▽

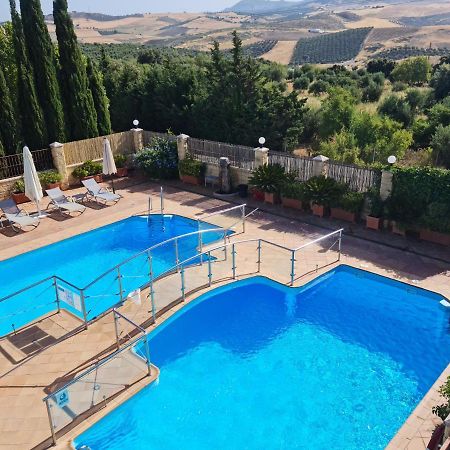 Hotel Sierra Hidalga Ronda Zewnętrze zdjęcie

△
▽

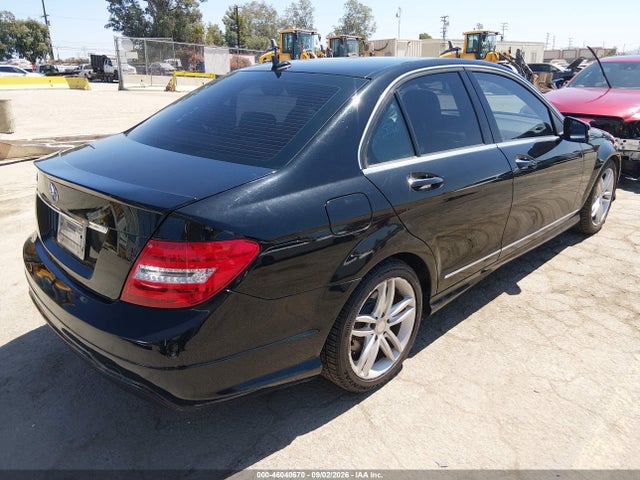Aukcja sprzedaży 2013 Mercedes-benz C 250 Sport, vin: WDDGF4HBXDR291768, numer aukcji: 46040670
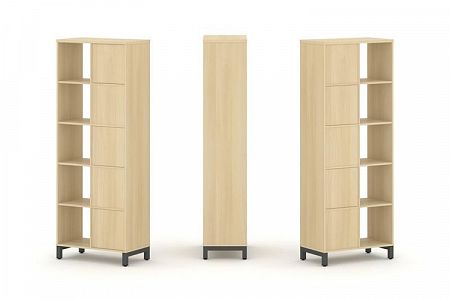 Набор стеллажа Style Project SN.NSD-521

△

## WHAT TO WORK ON
Give back, exactly and without pictures, the stretch of the records above from the line containing "Aukcja sprzedaży 2013" through the line containing "Набор стеллажа Style Project SN.NSD-521", with both end lines included.

## SOLVED EXERCISE
Aukcja sprzedaży 2013 Mercedes-benz C 250 Sport, vin: WDDGF4HBXDR291768, numer aukcji: 46040670
 Набор стеллажа Style Project SN.NSD-521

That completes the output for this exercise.